1lb skinless, boneless chicken breast, diced
2 medium Yukon gold potatoes, diced
2 large carrots, diced
2 large celery stalks, diced
2 cups reduced fat all-purpose baking mix (like Bisquick)
2/3 cup reduced fat milk
2 tsp dried thyme
2 tsp onion powder
1 chicken bouillon cube
2 cups fat free chicken broth
1 10.75oz can Campbell’s Condensed 98% Fat Free Cream of Chicken Soup
Salt & pepper to taste
Place the chicken, potatoes, carrots, celery and bouillon cube in a slow cooker. Season with black pepper.

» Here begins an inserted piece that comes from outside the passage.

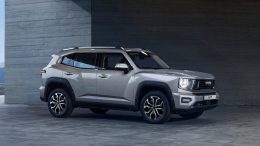 Кроссовер Haval H7 сбоку спереди в России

In a medium sized bowl, combine cream of chicken soup, broth, and dried thyme.
Pour mixture over the chicken and vegetables. Cover and cook on low for about 6 hours, or until chicken is fully cooked.
In a large bowl, mix together the baking mix and milk. Spoon the batter into 6 blobs on top of the chicken mixture. Turn the heat up to high, and cover, but tilt the lid to vent the steam. Cook for about 30-40 minutes, or until the dumplings are cooked through and no longer wet in the middle (you can test by piercing with a toothpick).